Try it:
Only the lines from the first line of the entries through the line with "hippie daisy i" belong in the answer, each restated word for word and without pictures.

Pictures with short captions
★ ★ ★ ★
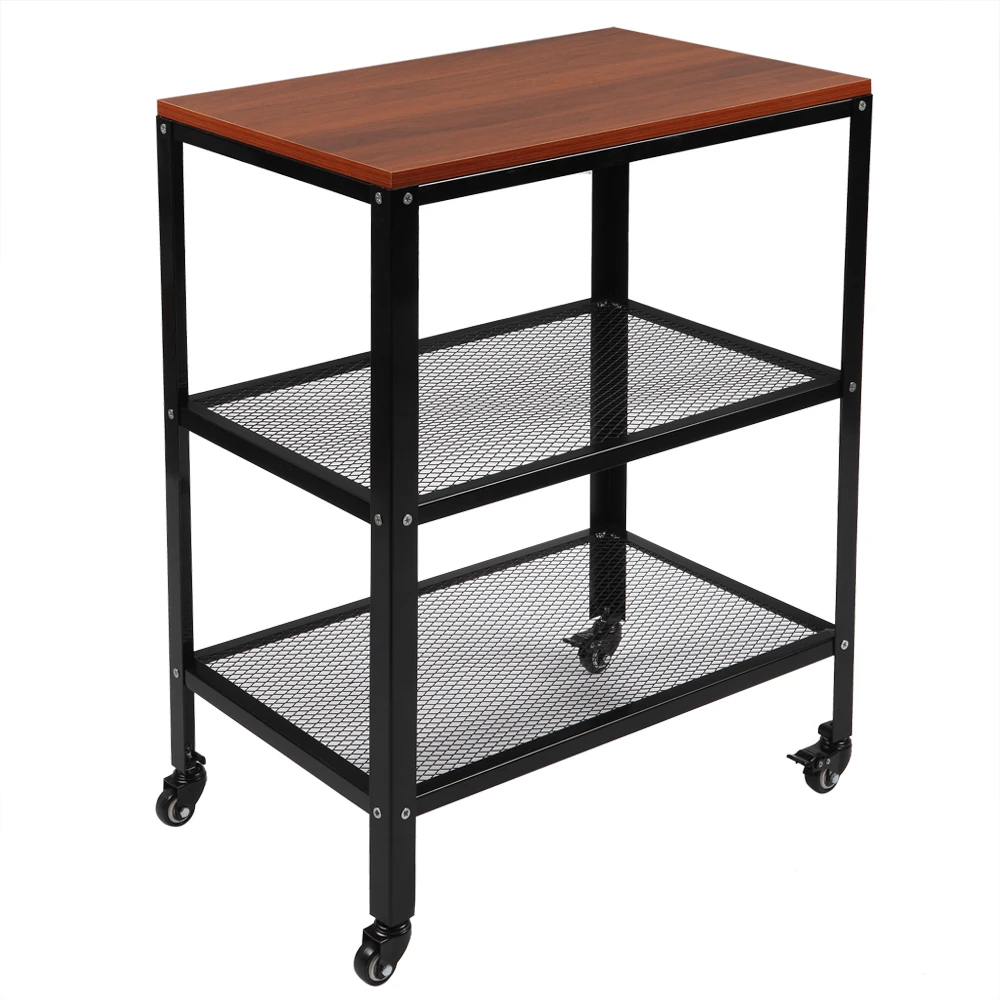 

3-Tier Kitchen Microwave Stand Cart, Rolling Kitchen Utility Cart, Standing Baker's Organizer Rack Storage Shelf Cart with Metal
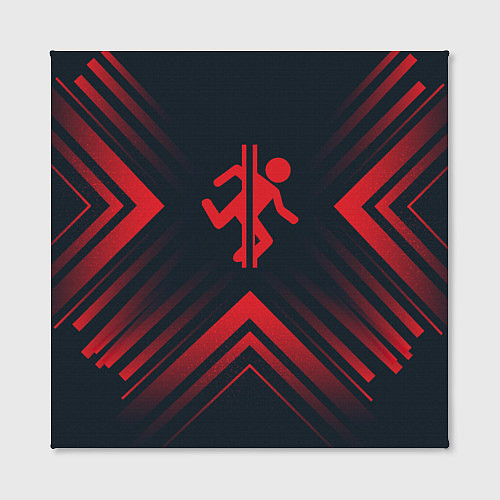Картина квадратная Красный символ Portal на темном фоне со стрелками / 3D-принт – фото 2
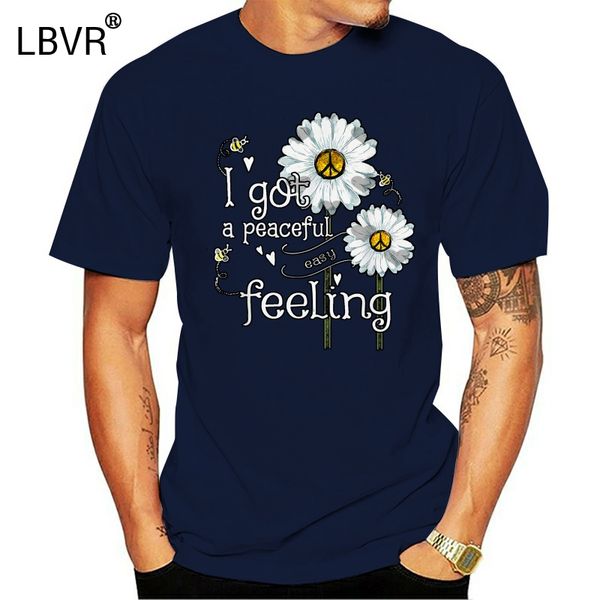 

hippie daisy i got a peaceful easy feeling black cotton t-shirt men s-6xl cool casual pride t shirt men fashion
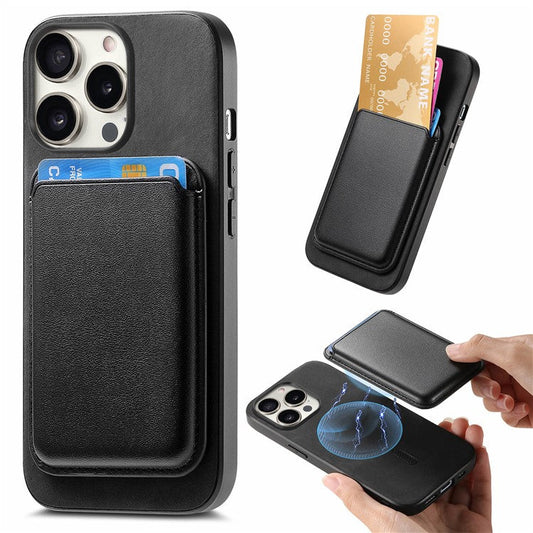 B2 For iPhone 16 Pro Case Detachable Magnetic Card Bag Leather+TPU Phone Cover - Black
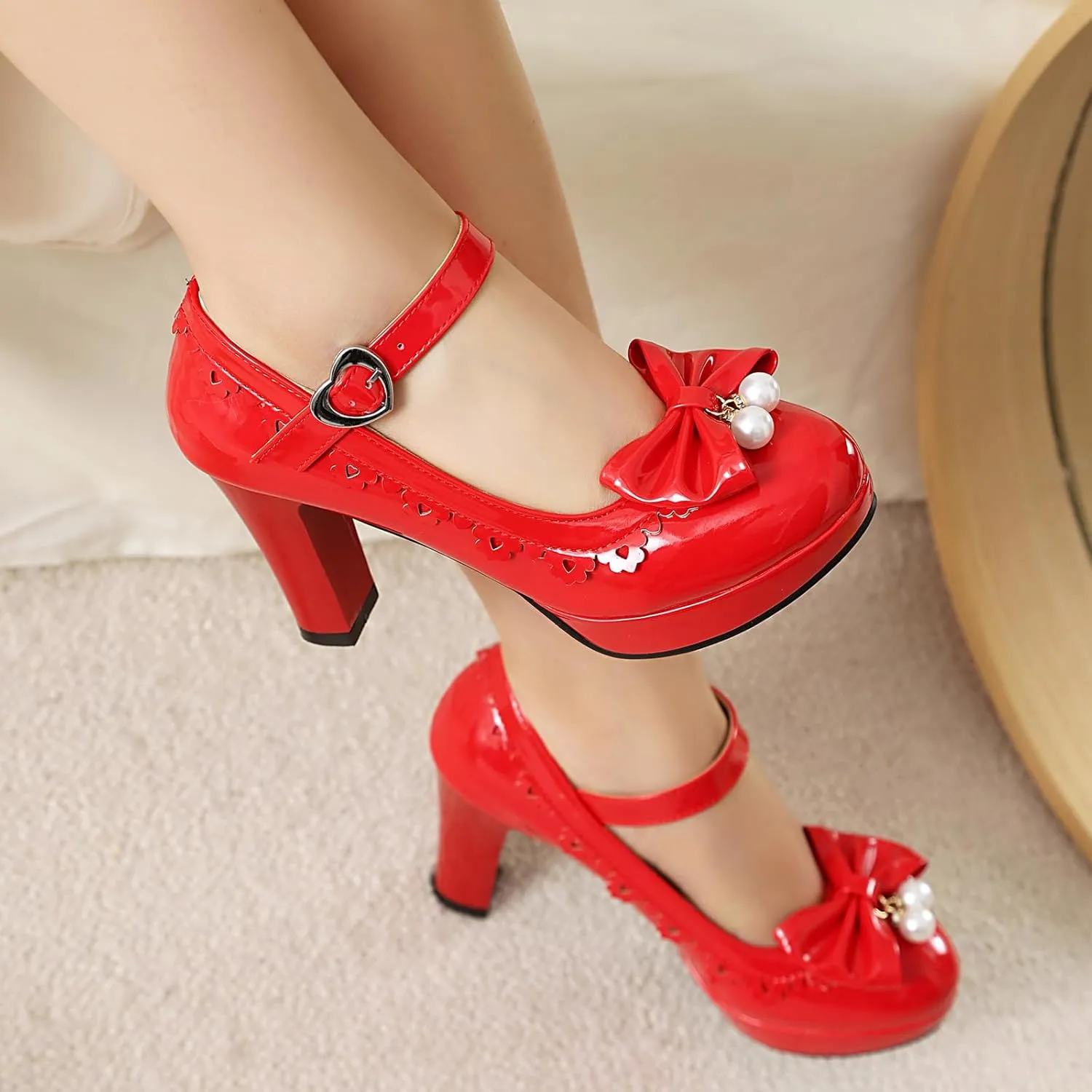 Women's Patent Leather Chunky Heel Lolita Mary Jane Cute Bow Pearl Round Toe Buckle Kawaii Party High Heels Fashion Dance Shoes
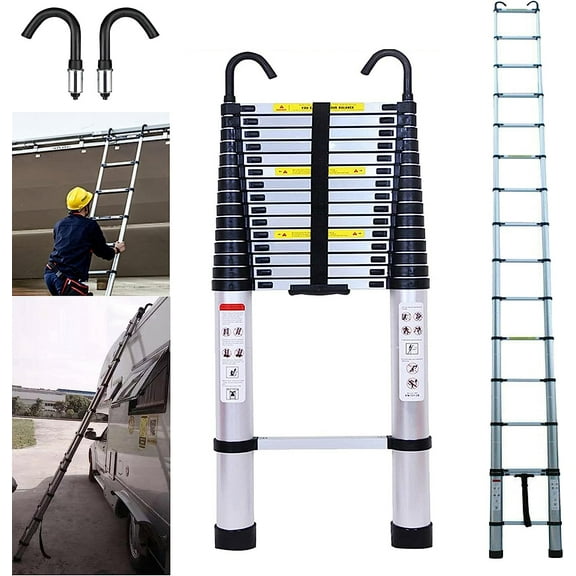 Jupiter 20ft, Aluminum, Telescoping RV Ladder Collapsible with Hooks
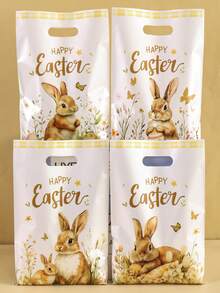 10/20/50 حقيبة هدايا ذهبية بشكل أرنب عيد الفصح، أكياس حفلات بنمط أرنب كرتوني وزهري مع مقابض، ديكور عطلة ريفي، ديكور منزلي لعيد الفصح 2026، تغليف هدايا موسم الربيع/الصيف، أكياس تسوق للبيع بالتجزئة - متعدد الألوان - مشاهدة 2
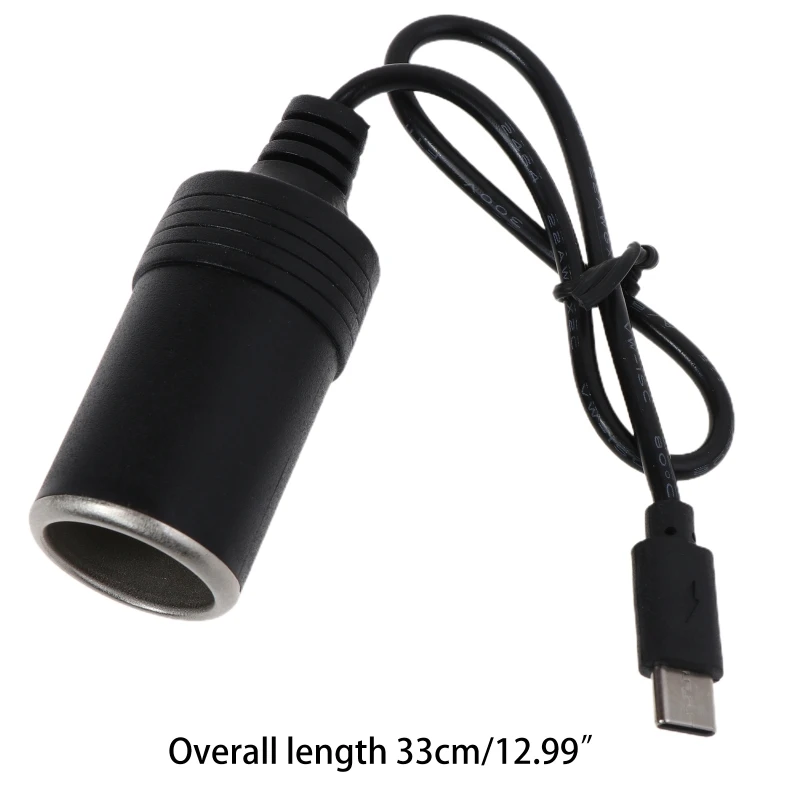 Usb c pd tipo c macho para 12v cigarro do carro isqueiro tomada fêmea passo acima do cabo para a condução gravador gps e-cão ventilador do carro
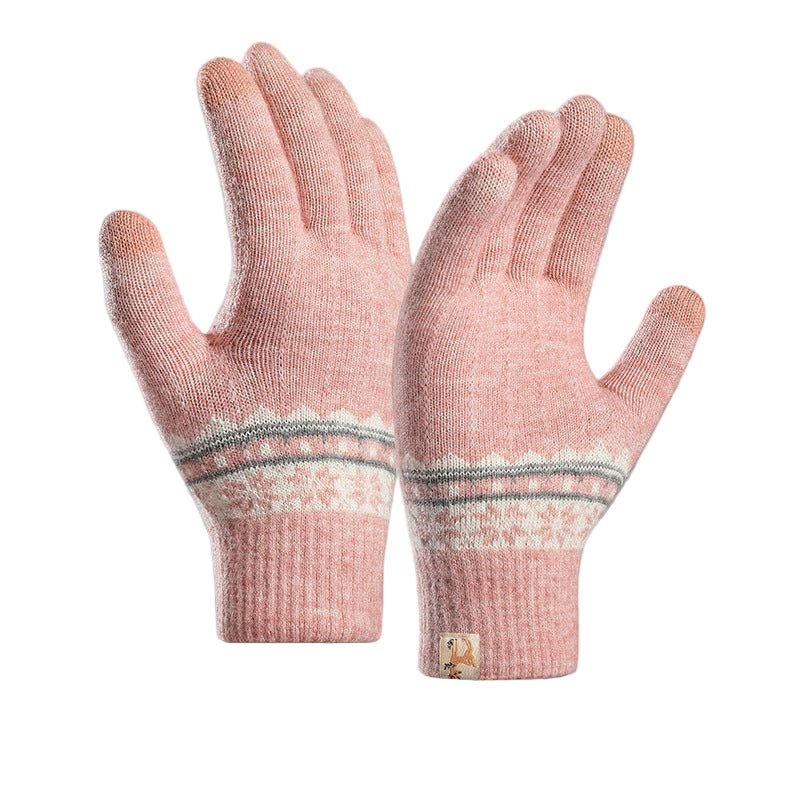 Thick Wool Jacquard Student Touch Screen Gloves - Alpaca House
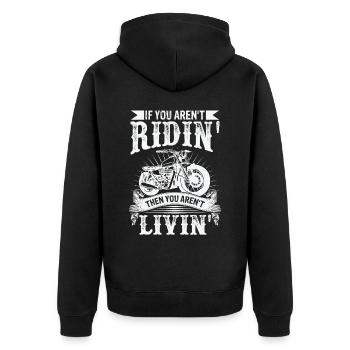 Motorrad Fahrer Motorrad - Unisex Premium Bio Zip Hoodie - Schwarz - Hinten - Nico (187cm)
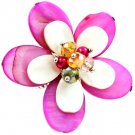 Fuschia Ring Adjustable Stretch Bead Flower Nacre 2 Inch Tall 432318-0009RDFSH
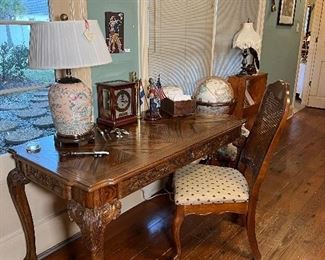 Carved Wood Library/Ladies Desk with Ball and Claw Feet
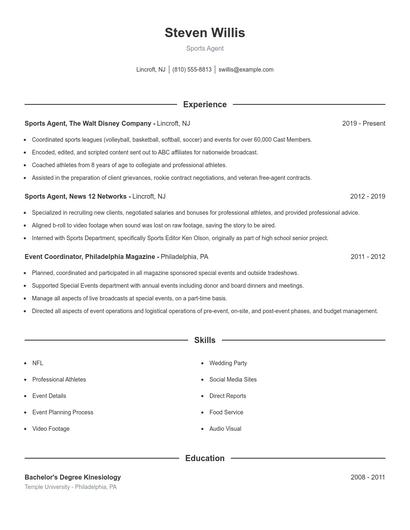 Sports Agent Resume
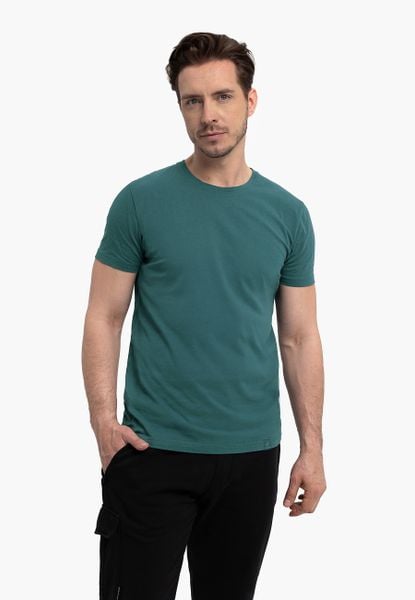 Bawełniana koszulka T-BASIC. Niebieskie t-shirty Volcano, l, bez wzorów, z bawełny, bez kołnierzyka, bez ramiączek. Za 54.99 zł.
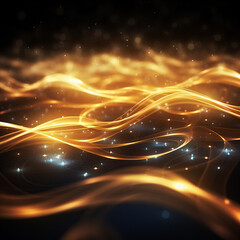 Obraz premium Golden Energy Flow symbolizing AI Data Transfer - Generativ AI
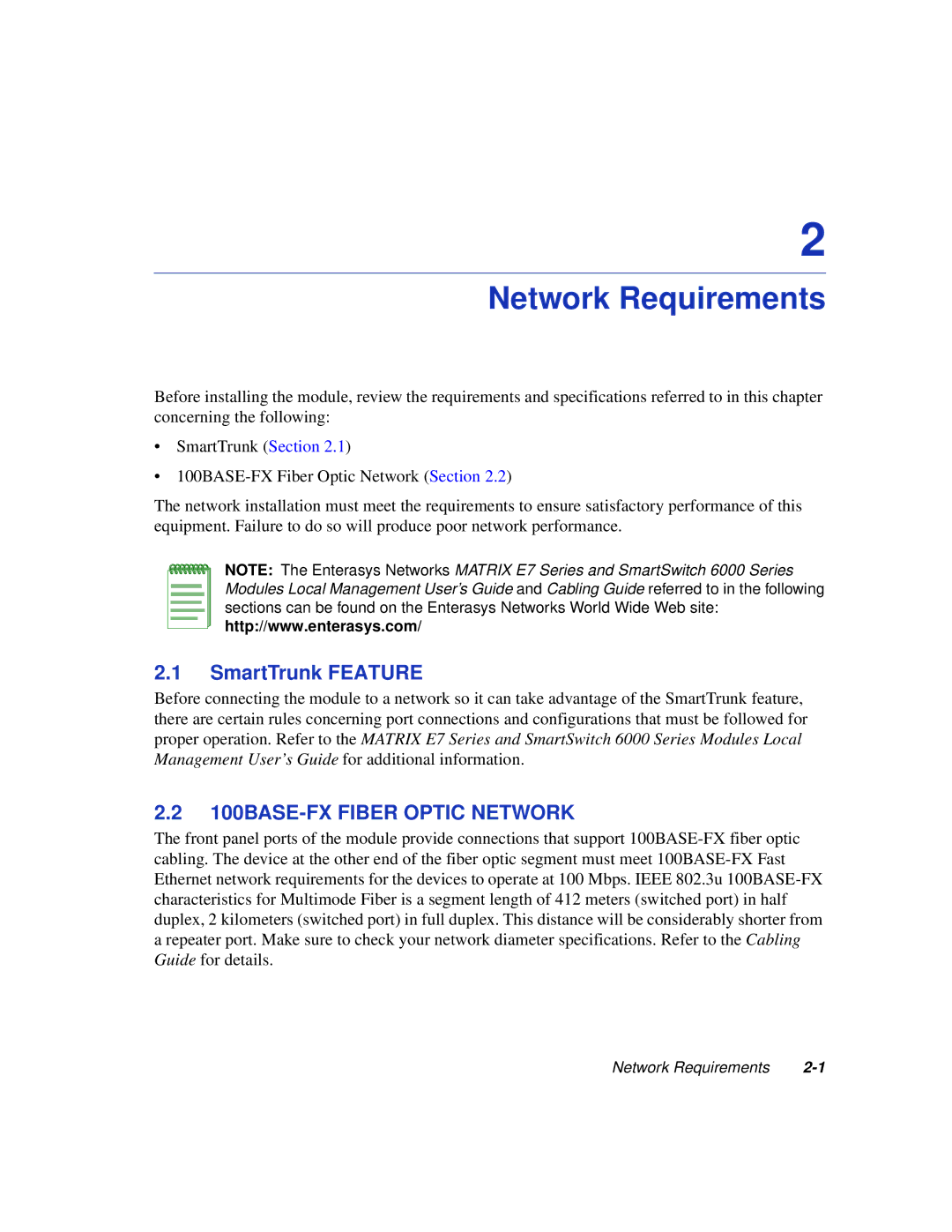 Enterasys Networks 6H308-48, 6H308-24 manual Network Requirements, 100BASE-FX Fiber Optic Network 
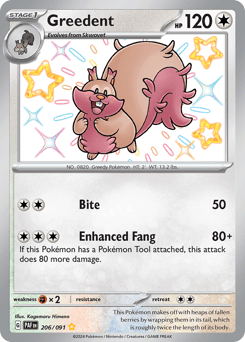 Greedent #206 — Pokemon Paldean Fates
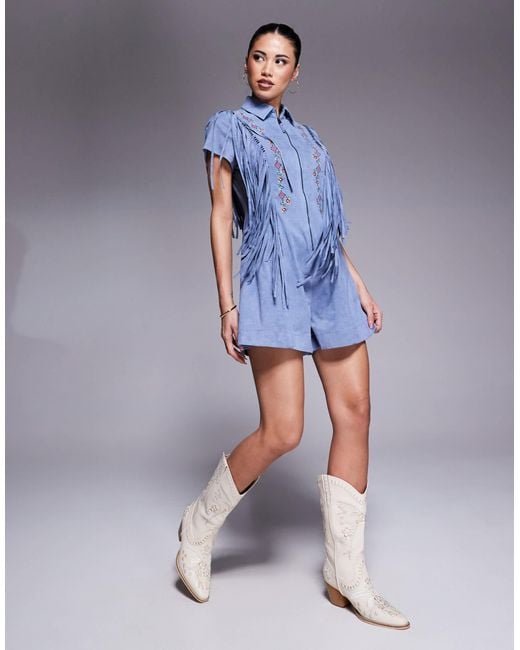 ASOS Blue – bestickter playsuit aus wildlederimitat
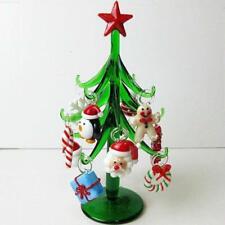 Murano Glass Christmas Tree 12 Hang Ornaments Mini Xmas Stained Glass Green Tree picture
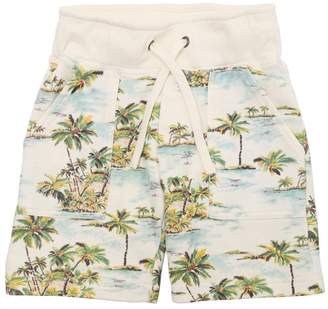 Palms Print Cotton Sweat Shorts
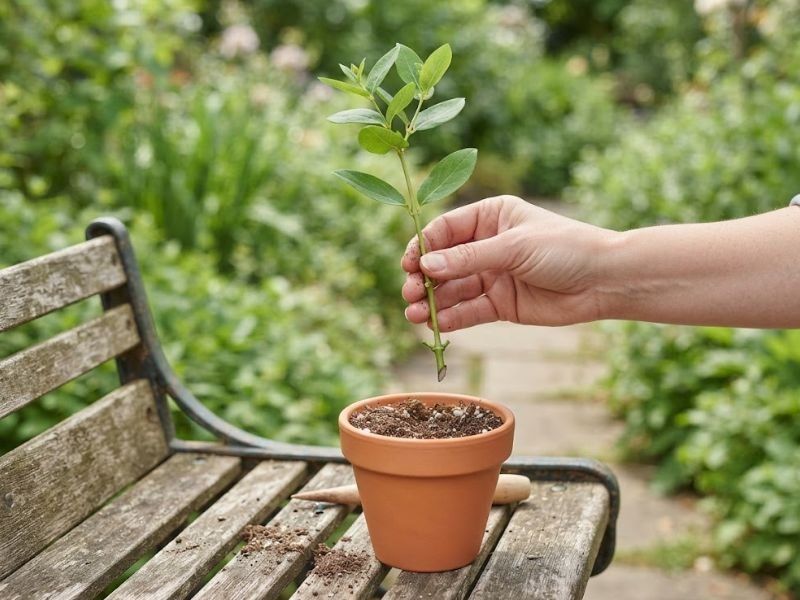Mão segurando estaca de madressilva pronta para plantar em vaso com substrato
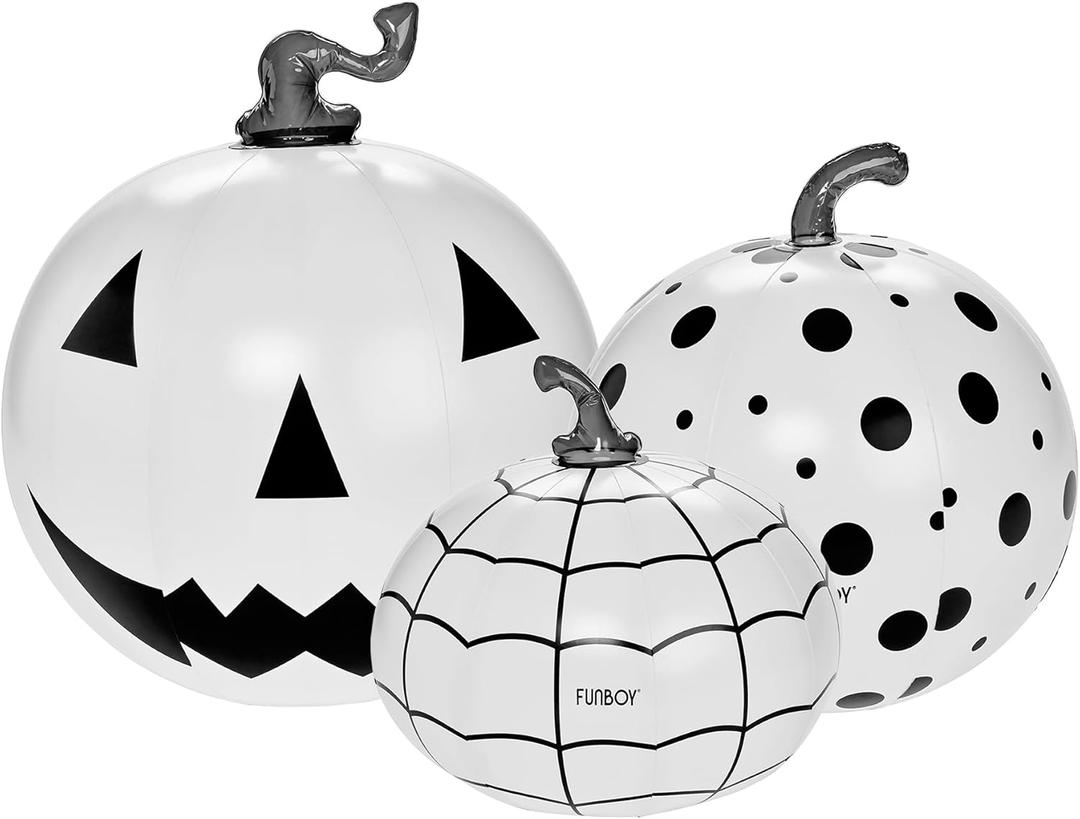 FUNBOY Giant Inflatable Light-Up Halloween Pumpkins 3 Pack, 31'', 23'' and 20'', Black & White Scary Halloween Decorations, Indoor/Outdoor
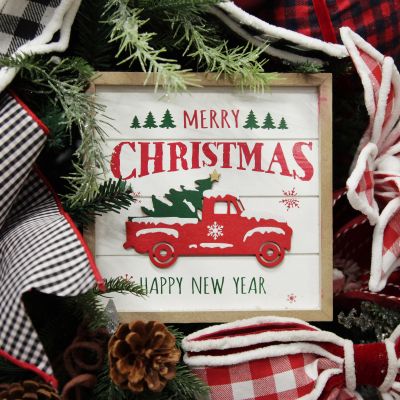 Merry Christmas Truck Wall Hanging Plaque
★ ★ ★ ★
Your response:
3-Tier Kitchen Microwave Stand Cart, Rolling Kitchen Utility Cart, Standing Baker's Organizer Rack Storage Shelf Cart with Metal
Картина квадратная Красный символ Portal на темном фоне со стрелками / 3D-принт – фото 2

hippie daisy i got a peaceful easy feeling black cotton t-shirt men s-6xl cool casual pride t shirt men fashion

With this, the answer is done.